__Crawled caption data__
•••••

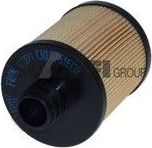 Масляный фильтр Fram. Артикул CH10751ECO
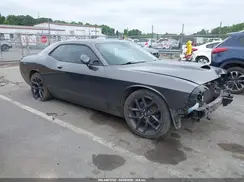 2C3CDZJG6MH507119 2021 DODGE CHALLENGER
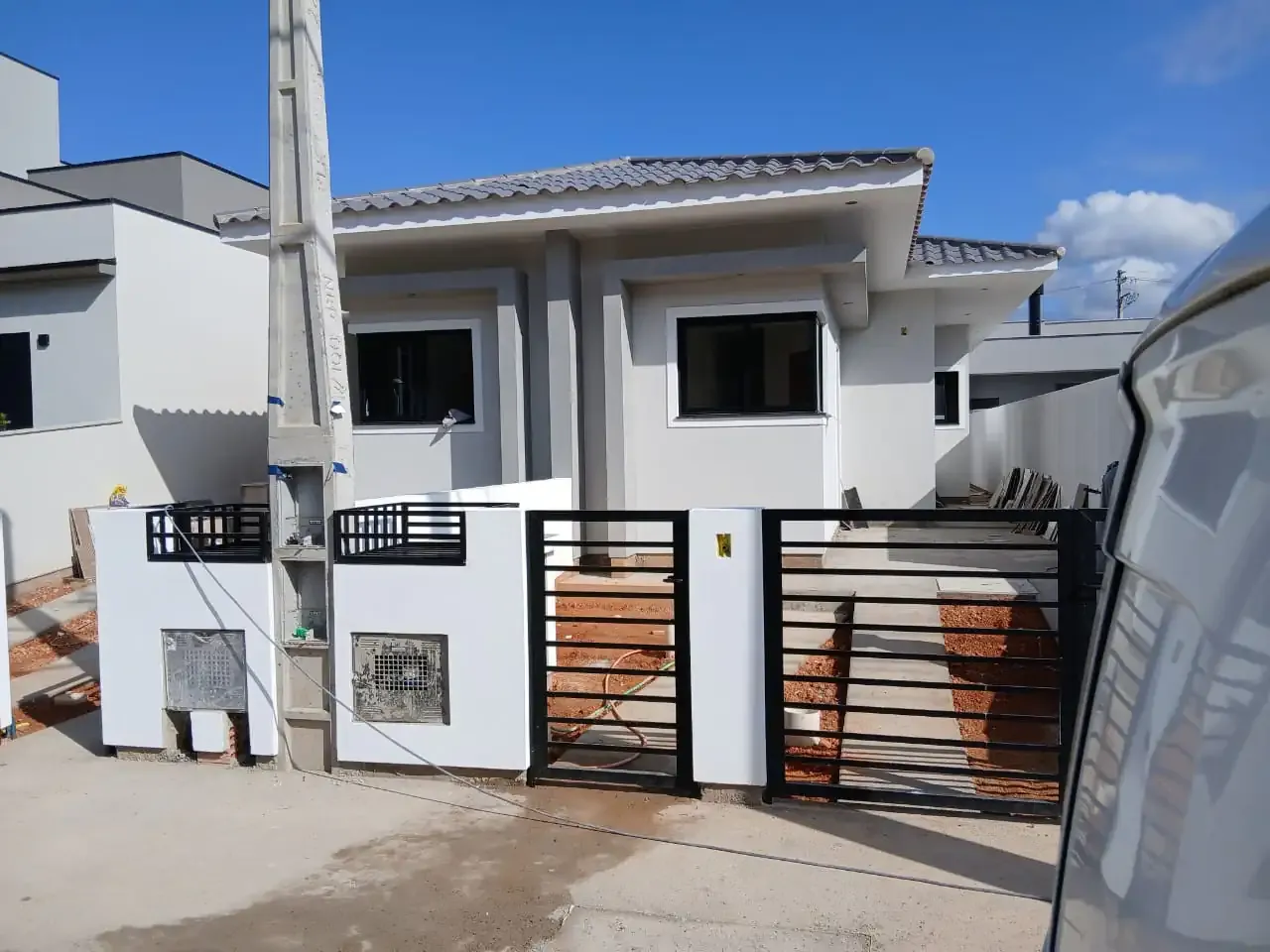 Casa Forquilhas São José
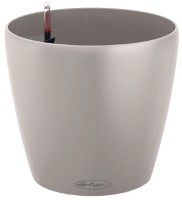 Ghiveci Lechuza Classico Color 35 Sand Brown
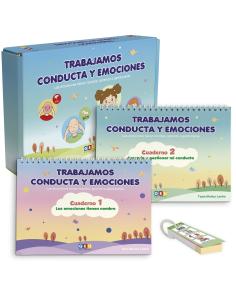 TRABAJAMOS CONDUCTA Y EMOCIONES 2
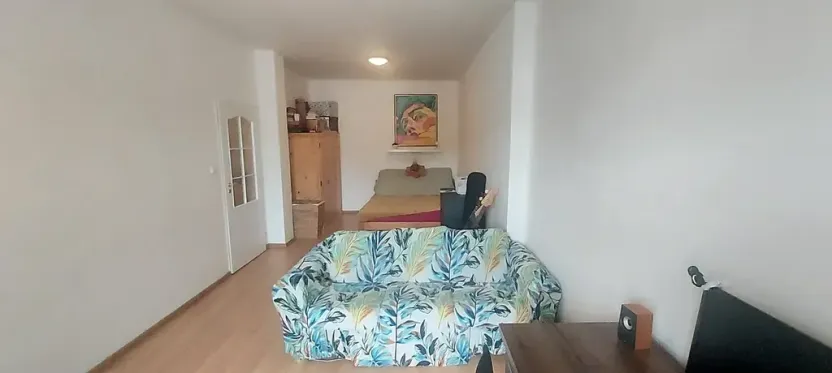 Prodej bytu 1+1, Ústí nad Labem, Moskevská, 34 m2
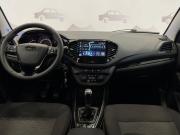 Lada (ВАЗ) Vesta I Ставрополь  - изображение 26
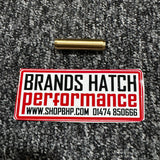 BMW Mini 1.5 12V B38 10.04mm Bronze Inlet Valve Guide Set of 6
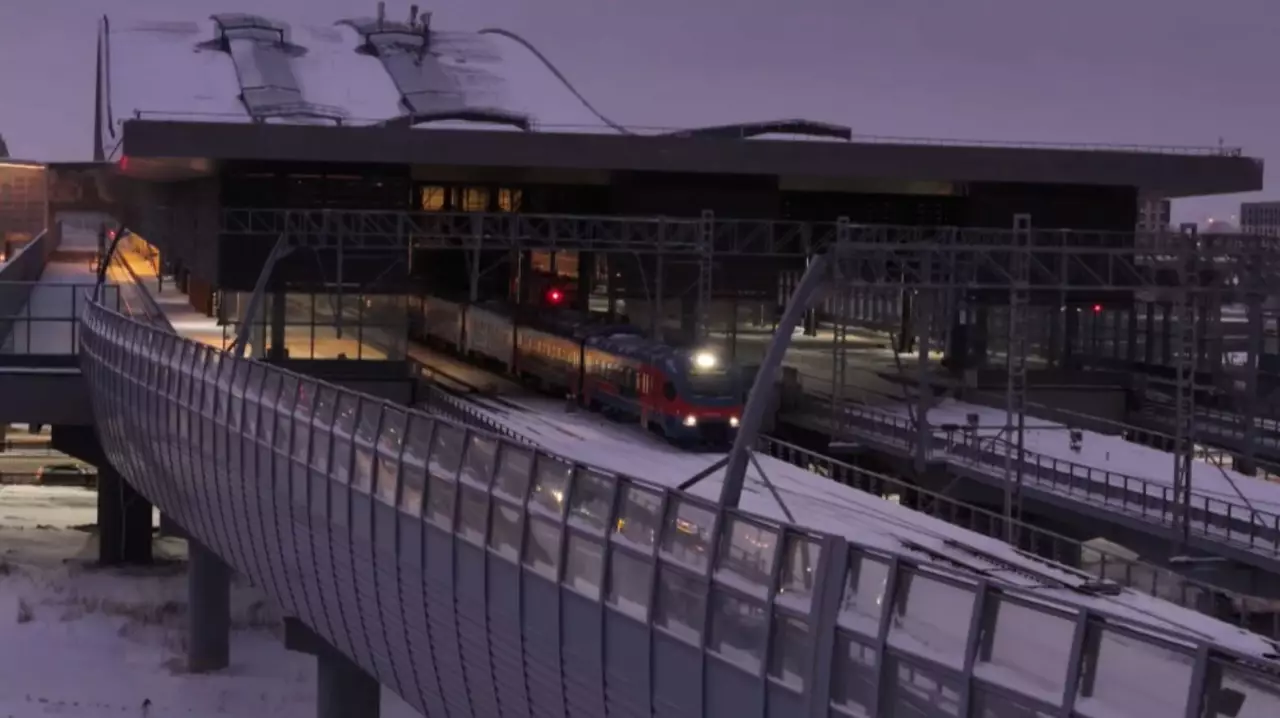 Елімізде бір жылда көлік саласындағы өсім 20 пайыздан асты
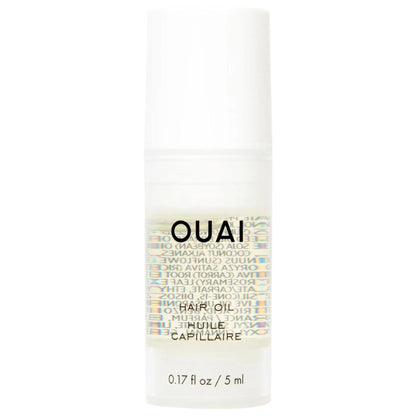 OUAI Hair Oil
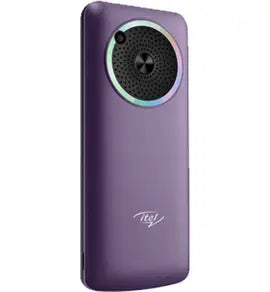 itel Muzik 430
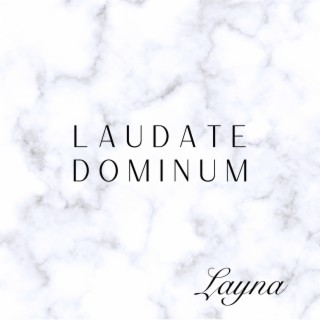 Laudate Dominum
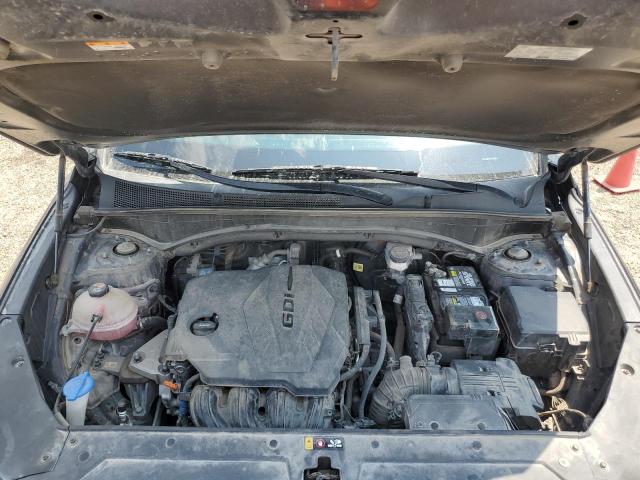 Photo 11 VIN: 5NMS24AJ8NH374347 - HYUNDAI SANTA FE S 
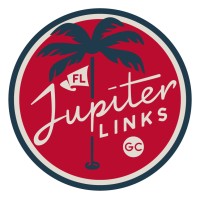 Jupiter Links Golf Club logo - Similar company to Los Angeles Golf Club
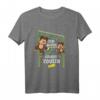 Kinder Großer Cousin 2020 T-Shirt mit Affen Jungle Motiv – Geschenkidee zur Geburt und Schwangerschaftsverkündung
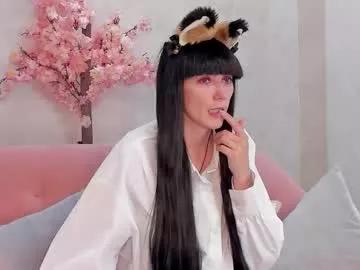 mellinda_fowler from Chaturbate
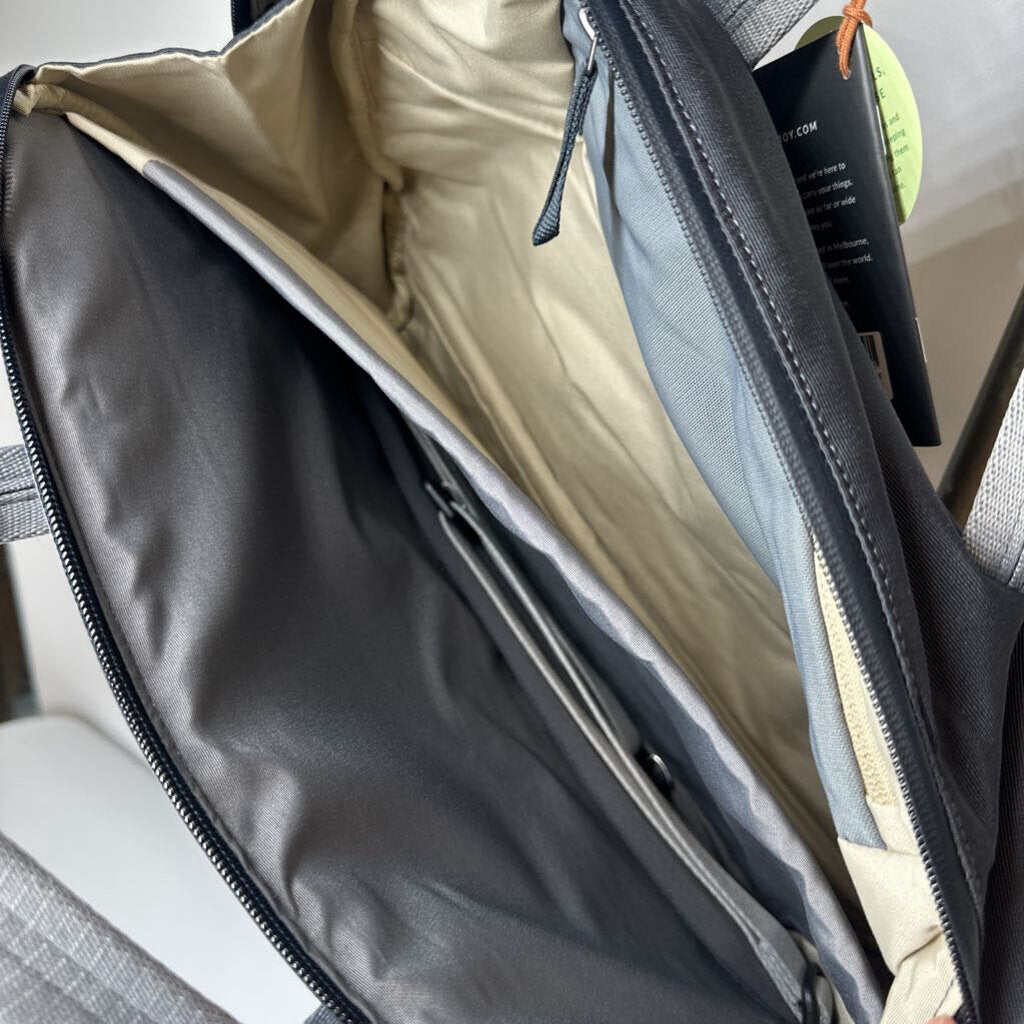 Bag Black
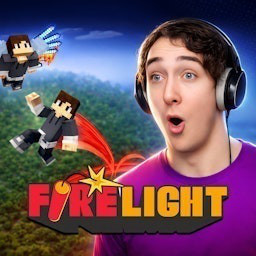 Cover: Firelight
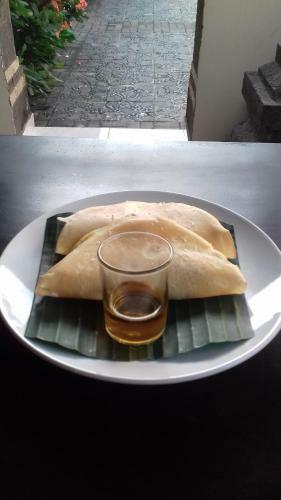 Hostal Tegar Guest House Ubud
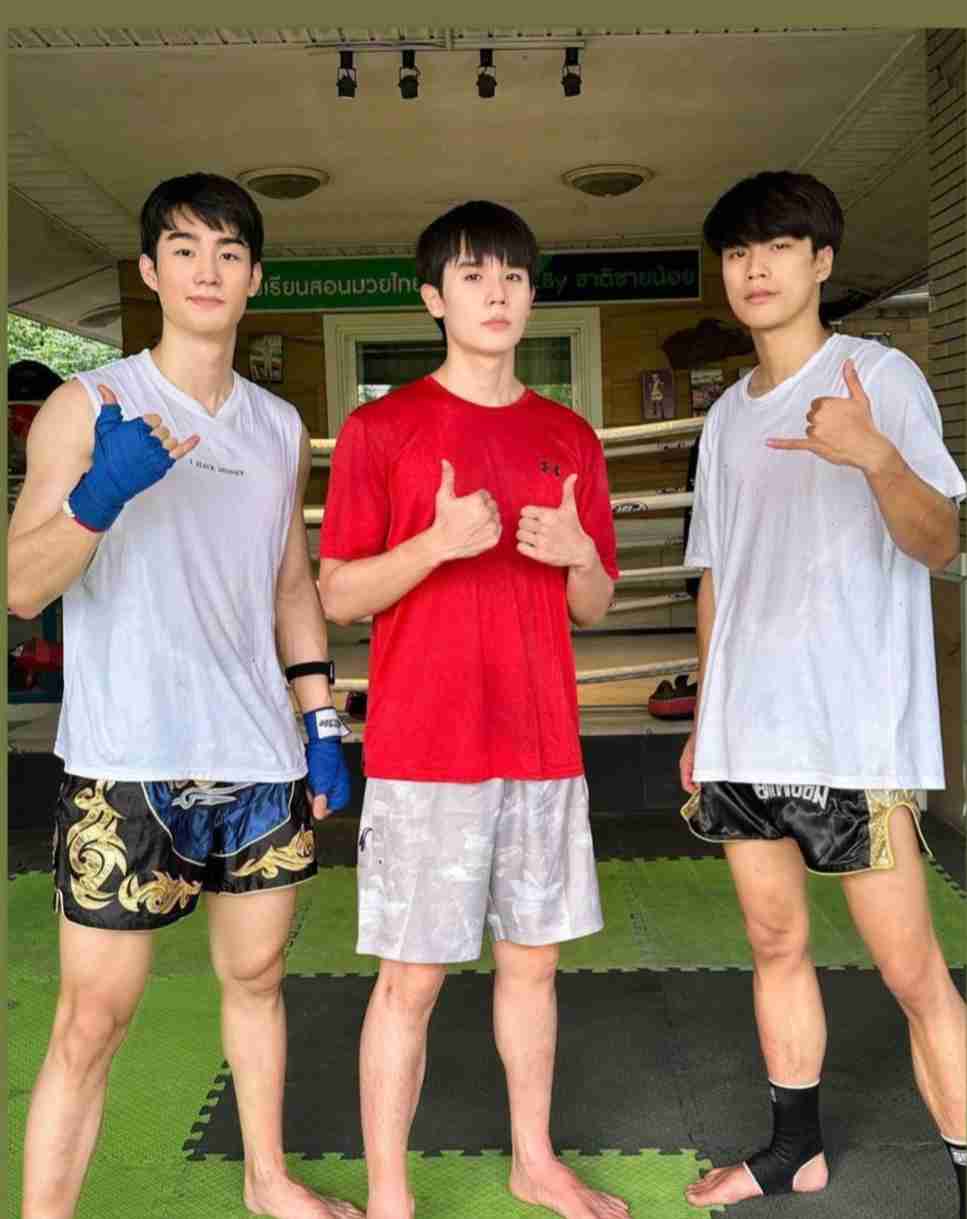 【定期】2gether the seriesについて話そうPart30【タイBL】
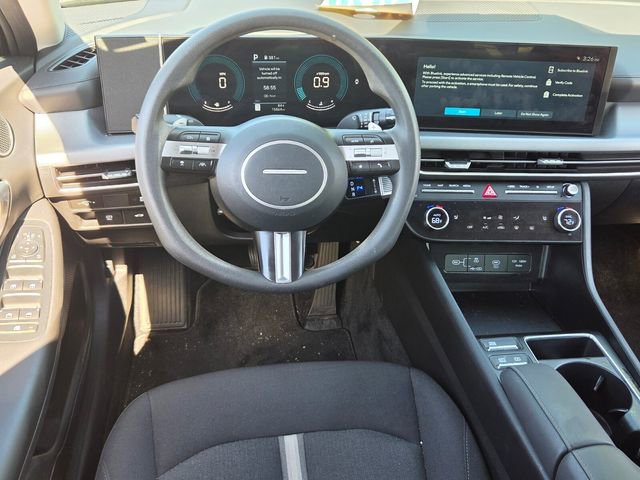 Used 2025 Hyundai Sonata SEL image 12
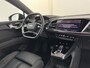 Audi Q4 e-tron 40 Launch S-Line Edition Competition 77 kWh [3-Fase-11kW] {SoH-89%} (INCL-BTW) *HEAT-PUMP | LEATHER | MATRIX-LED | SONOS-SOUND | ADAPTIVE-CRUISE | HEATED-SPORTSEATS | AMBIENTLIGHT | DIGI-COCKPIT | CAMERA | KEYLESS | HEAD-UP |  DAB+ | TOWBAR | 20''ALU*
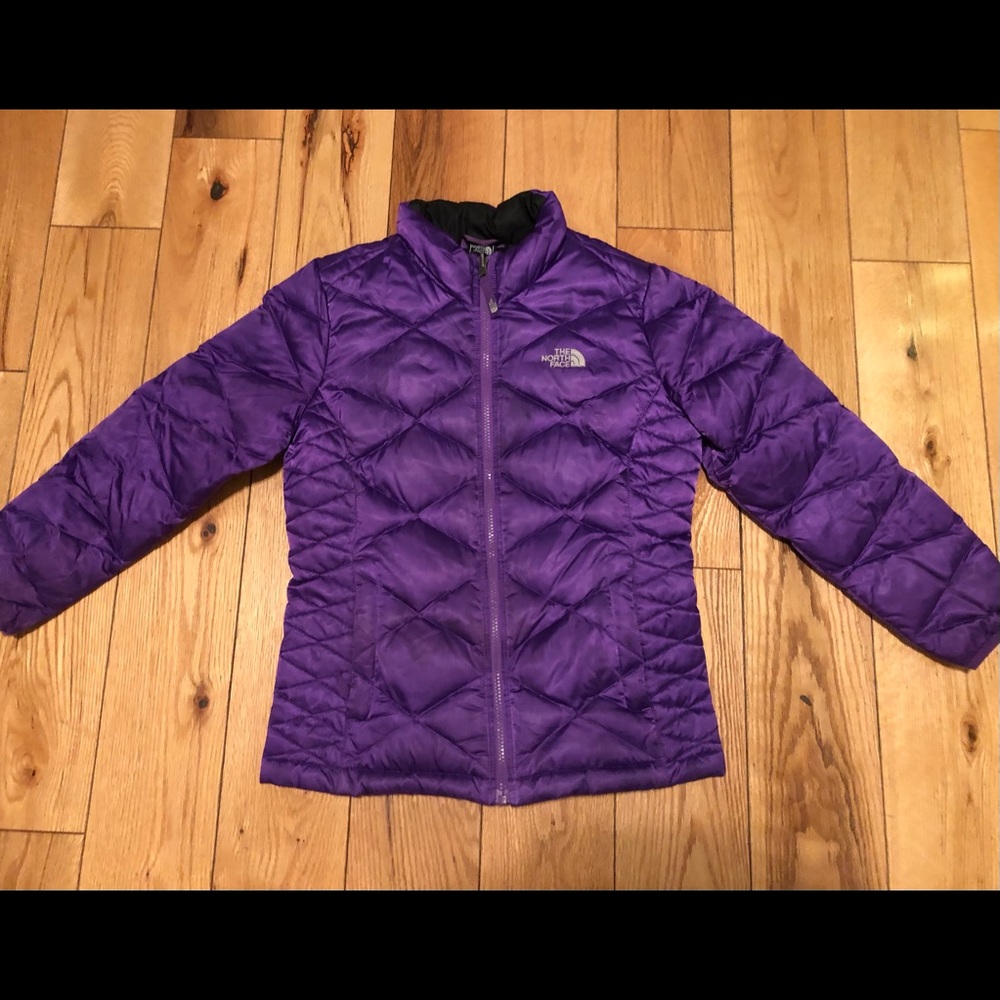 North Face Jacket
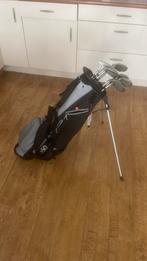 Volledige TaylorMade Burner 85 Flex R set + Dunlop P Golfset, Sport en Fitness, Ophalen, Gebruikt, Set, Overige merken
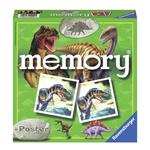 بازی فکری راونزبرگر مدل Memory dinosaurs کد 22099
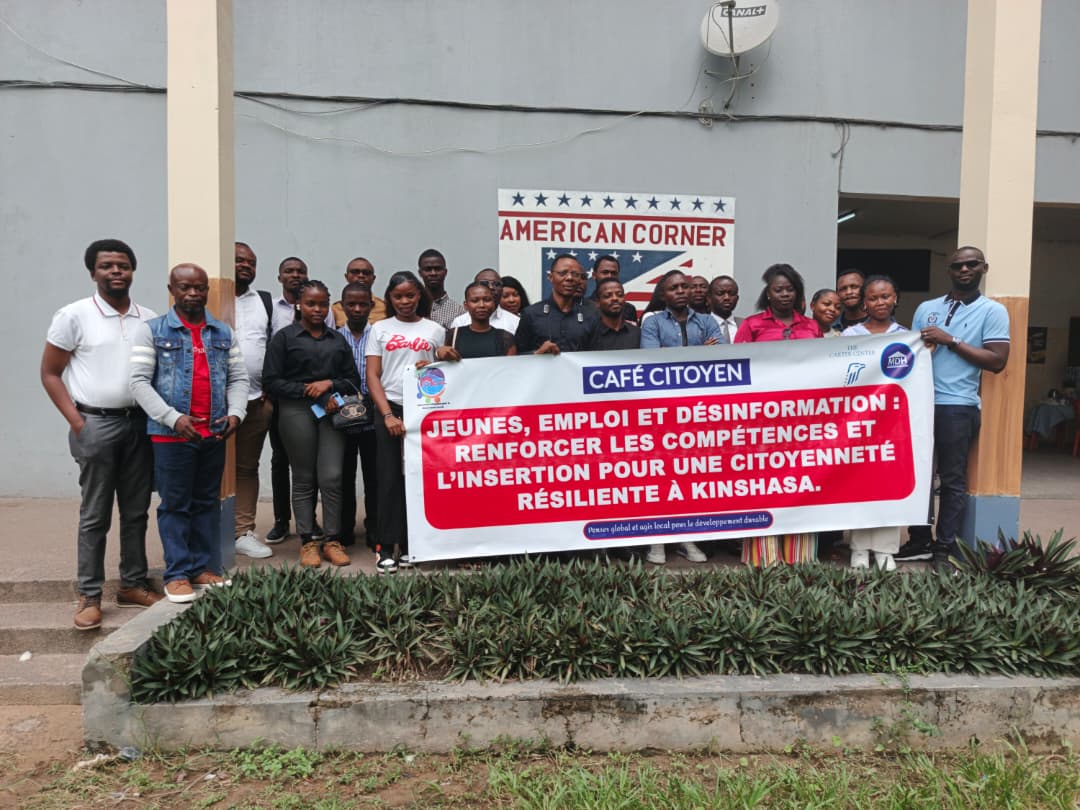 OCGL/RDC tweet media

•••••

__Prompt__
With images left out, the data must be transcribed exactly.

__Solution__
 Масляный фильтр Fram. Артикул CH10751ECO
 2C3CDZJG6MH507119 2021 DODGE CHALLENGER
 Casa Forquilhas São José
 Ghiveci Lechuza Classico Color 35 Sand Brown
 TRABAJAMOS CONDUCTA Y EMOCIONES 2
 Prodej bytu 1+1, Ústí nad Labem, Moskevská, 34 m2
 Lada (ВАЗ) Vesta I Ставрополь  - изображение 26
 BMW Mini 1.5 12V B38 10.04mm Bronze Inlet Valve Guide Set of 6
 Елімізде бір жылда көлік саласындағы өсім 20 пайыздан асты
 OUAI Hair Oil
 itel Muzik 430
 Laudate Dominum
 Photo 11 VIN: 5NMS24AJ8NH374347 - HYUNDAI SANTA FE S 
 Jupiter Links Golf Club logo - Similar company to Los Angeles Golf Club
 Kinder Großer Cousin 2020 T-Shirt mit Affen Jungle Motiv – Geschenkidee zur Geburt und Schwangerschaftsverkündung
 mellinda_fowler from Chaturbate
 Bag Black
 Cover: Firelight
 Hostal Tegar Guest House Ubud
 【定期】2gether the seriesについて話そうPart30【タイBL】
 Used 2025 Hyundai Sonata SEL image 12
 Audi Q4 e-tron 40 Launch S-Line Edition Competition 77 kWh [3-Fase-11kW] {SoH-89%} (INCL-BTW) *HEAT-PUMP | LEATHER | MATRIX-LED | SONOS-SOUND | ADAPTIVE-CRUISE | HEATED-SPORTSEATS | AMBIENTLIGHT | DIGI-COCKPIT | CAMERA | KEYLESS | HEAD-UP |  DAB+ | TOWBAR | 20''ALU*
 North Face Jacket
 Volledige TaylorMade Burner 85 Flex R set + Dunlop P Golfset, Sport en Fitness, Ophalen, Gebruikt, Set, Overige merken
 بازی فکری راونزبرگر مدل Memory dinosaurs کد 22099
 OCGL/RDC tweet media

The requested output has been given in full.